Замена ненавистного им Уоррена на Бергера и последующий разворот суда стали одним из самых существенных наследий Никсона.
Their enmity dated to 1946, when Warren was the governor of California and Lieutenant Commander Nixon, home from war and service in the Navy, declared his candidacy for the Los Angeles-area congressional seat held by Democratic Representative Jerry Voorhis.
Warren was a progressive Republican who won by appealing to Democrats and Independents in a state that then favored non-partisan politics. He had nice things to say about Voorhis, who had helped represent California’s interests in Congress. When Nixon sought to have Harold Stassen, a Republican presidential hopeful, come to California and campaign for him, Warren—who had his own national ambitions—persuaded Stassen to stay away.
Nixon defeated Voorhis, but never forgot what Warren had done. “Right then, a slow burn was kindled in Richard Nixon,” campaign aide Bill Arnold, recalled.
The slow burn blazed in 1950, when Nixon ran a successful Red-baiting campaign for the U.S. Senate against his Democratic opponent— Helen Gahagan Douglas - and Warren refused to endorse him. Nixon and his friends were outraged. “Unless a man is a crook he is entitled to the united support of the party he represents,” Nixon’s mentor, banker Herman Perry, wrote the congressman. Warren’s actions would “not go well with me and 80 percent of the real Republicans.”
When Warren stumbled during the Republican presidential primaries in 1952, Nixon’s wife, Pat, gloated in a letter to a friend. “Warren’s showing in Oregon was sad,” she wrote. “I’m not crying.”
Nixon himself went further. He boarded the Warren campaign train as it made its way from Sacramento to the Republican convention in Chicago, and stealthily urged California’s delegates to support the governor’s rival, General Dwight Eisenhower. The episode became known in state political lore as “The Great Train Robbery.” At the convention, Nixon was tireless, securing the delegation for Ike on the key procedural votes that determined the nomination.

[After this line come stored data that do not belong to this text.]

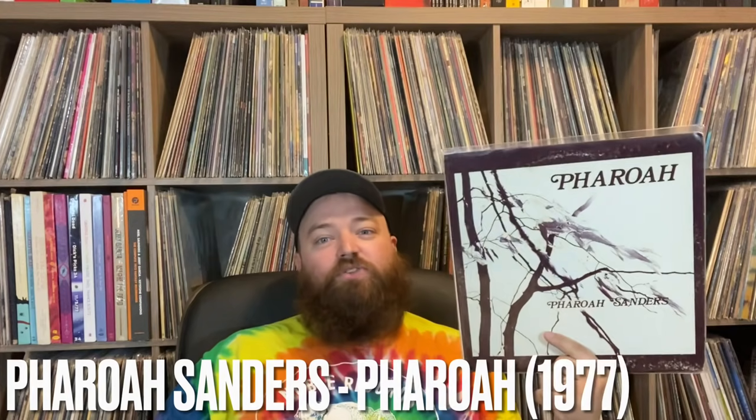Next up is the 1977 Pharaoh Sanders 'Pharaoh' with the brown cover. You might be surprised I'd keep this since I don't do a lot of jazz — it has to be the right thing for me. I really like John Coltrane and Pharaoh Sanders, that type of soul jazz. Pharaoh Sanders was on Impulse, then in 1974 did 'Love Is In Us All,' took a three-year hiatus, and came back with this. It's a masterpiece — more limited release than the Impulse stuff.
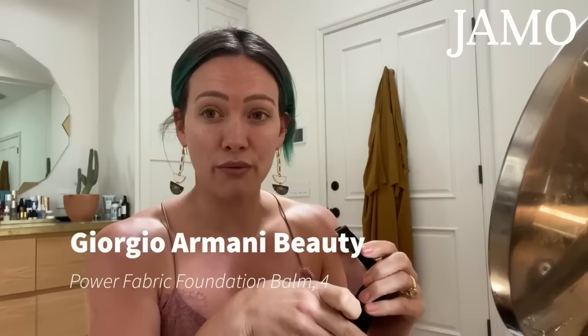This is by Giorgio Armani — it's one of their newer foundations. I got it right before quarantine and I've used it a lot. I really like the texture; it takes a little bit to blend in. It's called Power Fabric High Coverage, and I don't really want super high coverage but I want enough to cover the dark spots and get an even skin tone. I'm going to focus a lot up here where I'm uneven. This color is actually a little bit light for me because of all the sunning I've been doing.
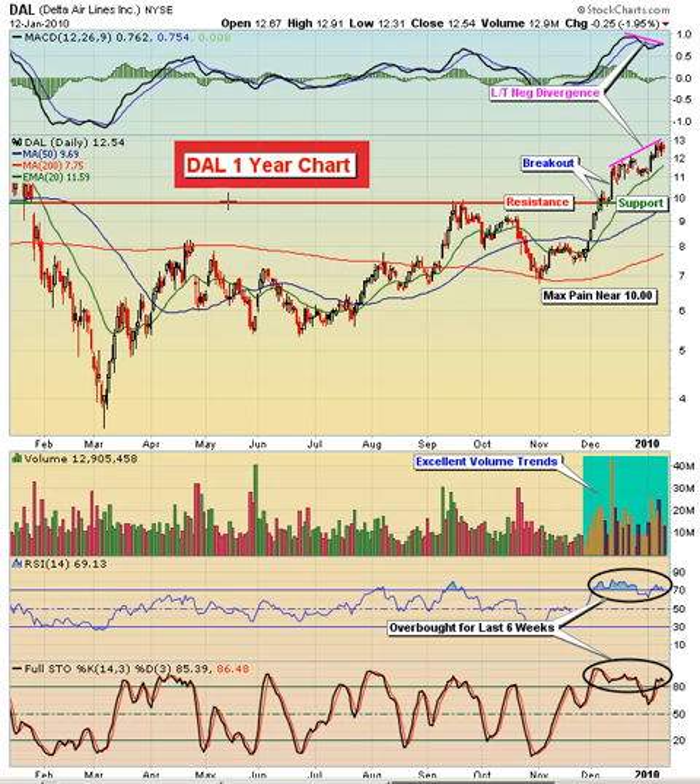You can see the 50-day moving average currently is at $9.69. The stock finished today — or actually finished on Tuesday — at $12.54. So that could potentially be quite a drop.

Warren, fuming, sent an envoy to Eisenhower. “We have a traitor in our delegation,” he charged. “It’s Nixon.” But Ike declined to act. In fact, he told the envoy, Nixon was likely to be the general’s running mate. For “keeping the California delegation in line,” Nixon had been given a place atop the short list, Eisenhower’s campaign manager later confirmed.
The feuding reached full boil. At the California delegation caucus, Warren thanked his supporters for their help and publicly snubbed Nixon. “The slight was perfectly obvious, as it was intended to be,” one of Nixon’s friends recorded in a diary. Warren believed that “Dick was trying to sabotage him.”
From that day forward, “Warren hated Nixon,” longtime Republican fundraiser Asa Call remembered in an oral history. Over the years, Warren would tell people how “Nixon cut my throat from here to here,” and gesture with his finger across his neck. <...>
The quarrel ebbed until 1968, when Nixon launched yet another comeback, campaigning for the presidency. The smoldering fuse got fanned, and the resulting detonation transformed the Supreme Court nomination process.
Warren was ready to retire, but didn’t want Nixon to name his successor. He approached President Lyndon Johnson, and reached an agreement to have LBJ’s good friend and adviser, Supreme Court Justice Abe Fortas, promoted to chief justice after just a couple of years on the court.
Nixon would have none of it. Employing the reasoning used by today’s Republicans when they blocked Judge Merrick Garland’s nomination to the court last year, Nixon argued that “a new president with a fresh mandate” should fill the empty seat.
Senate Republicans went to work, filibustered, and blocked the Fortas nomination. Warren was compelled to stay on, with the sour duty of swearing-in Nixon as the 37th president in January 1969.
Senate Democrats, however, seethed at the manner in which Fortas was treated. Their wrath grew downright broiling when reports from the Nixon Justice Department confirmed that Fortas was on a $20,000-a-year retainer from a convicted financier. Fortas resigned in May, and Warren, not getting any younger, finally stepped down from his seat in June. Nixon would now have two seats to fill.